● **Action item**: When you reach a picture, leave it out; output everything else in the records exactly.
== Segment start ==
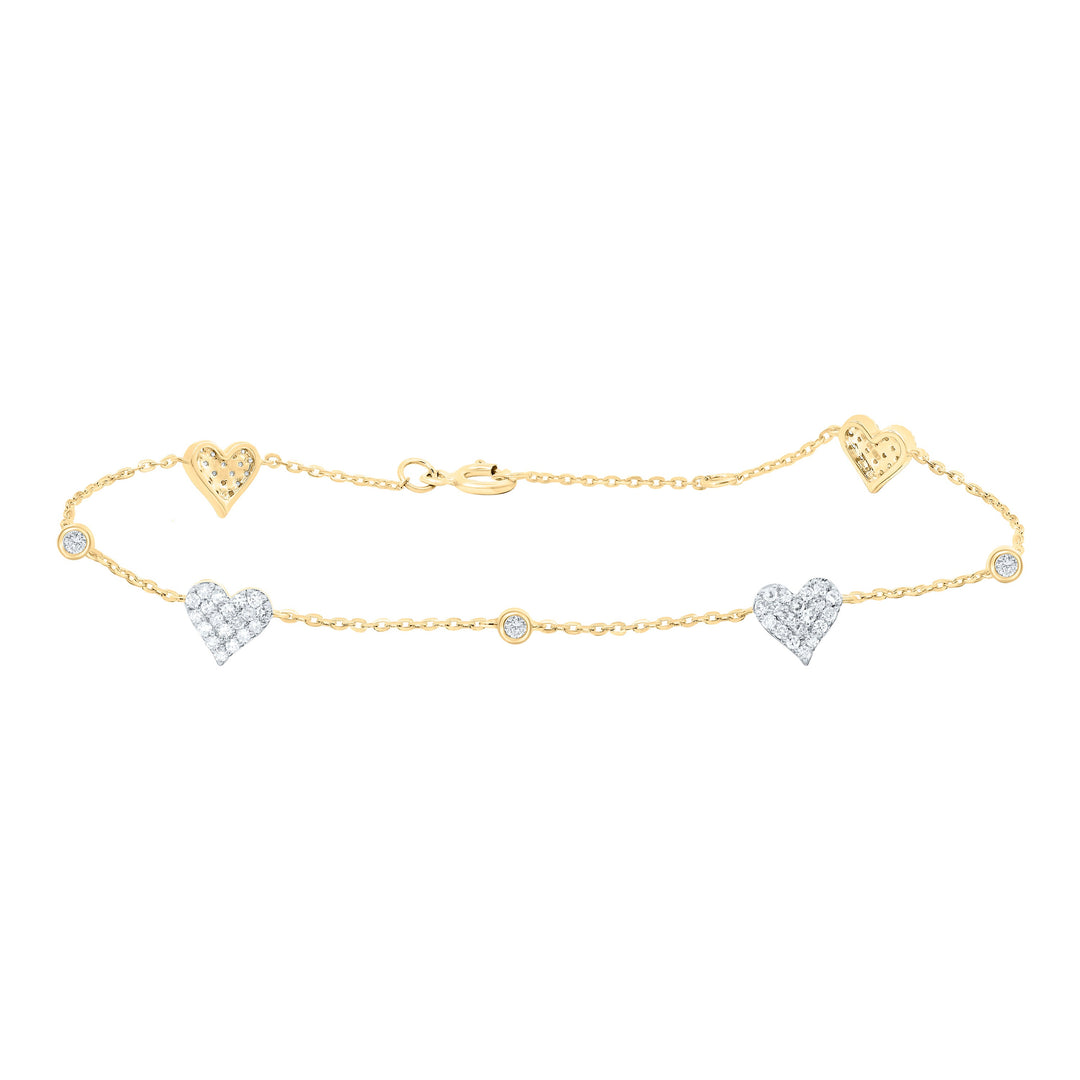 1/3CTW-NAT DIA CN FASHION HEART BRACELET ( 7 INCH ) Daisy Joyeria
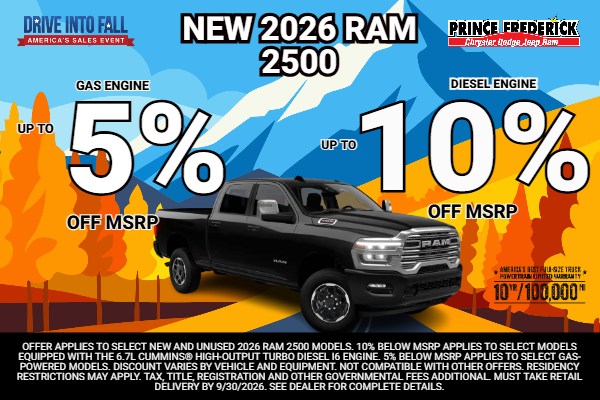 RAM 2500: Up to 10% off MSRP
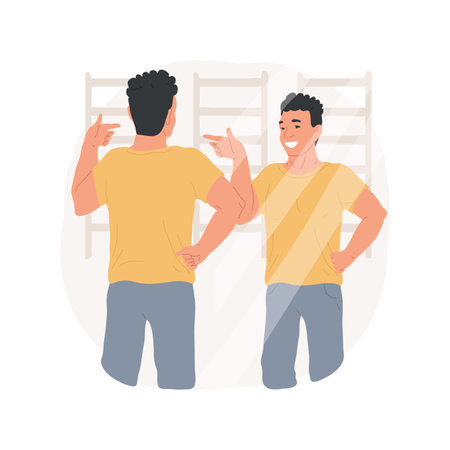 Happy with results isolated cartoon vector illustration.のイラスト素材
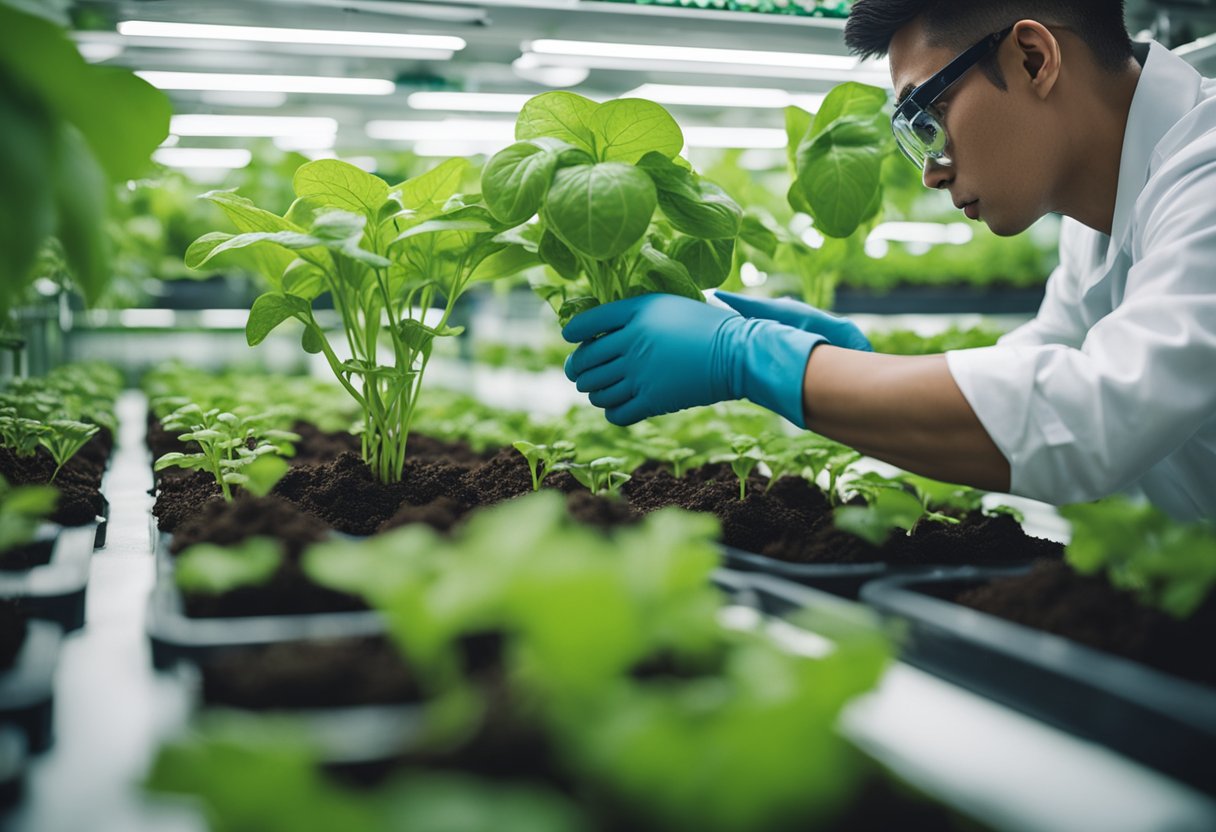 Hydroponic plants are carefully removed from their nutrient-rich water system and gently placed into nutrient-rich soil, where their delicate roots begin to adjust to the new environment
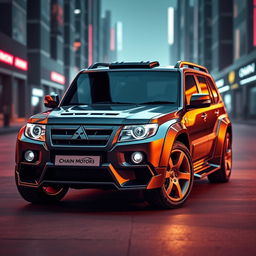 A custom vehicle design that creatively merges elements of a 2006 Mitsubishi Pajero and a Lamborghini Aventador, featuring sleek lines and dynamic curves to capture the essence of both cars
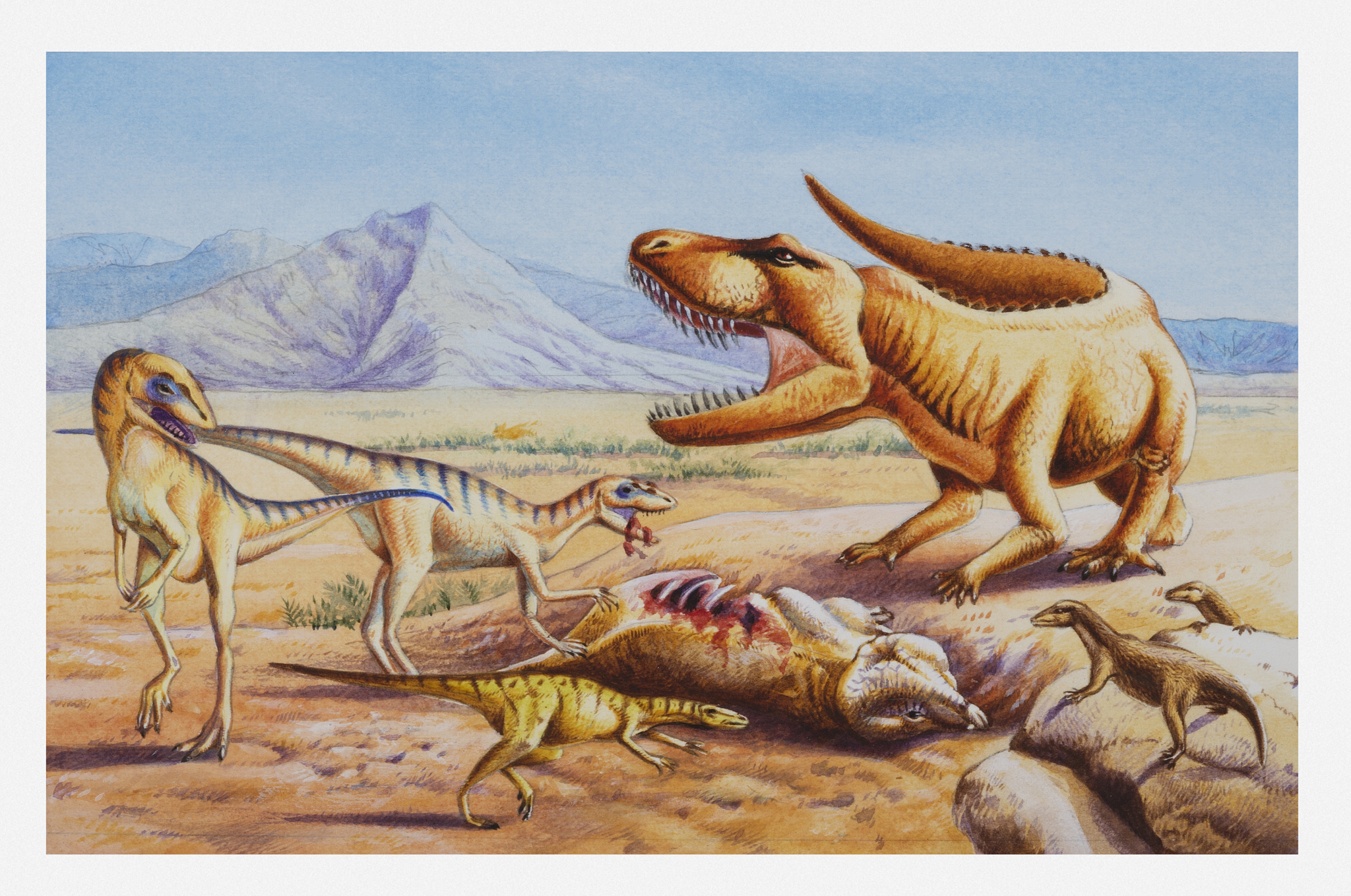 illustration of prehistoric animals including herrerasaurus, sau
== Segment end ==
● **Solution for this problem**:
 1/3CTW-NAT DIA CN FASHION HEART BRACELET ( 7 INCH ) Daisy Joyeria
 RAM 2500: Up to 10% off MSRP
 Happy with results isolated cartoon vector illustration.のイラスト素材
 Hydroponic plants are carefully removed from their nutrient-rich water system and gently placed into nutrient-rich soil, where their delicate roots begin to adjust to the new environment
 A custom vehicle design that creatively merges elements of a 2006 Mitsubishi Pajero and a Lamborghini Aventador, featuring sleek lines and dynamic curves to capture the essence of both cars
 illustration of prehistoric animals including herrerasaurus, sau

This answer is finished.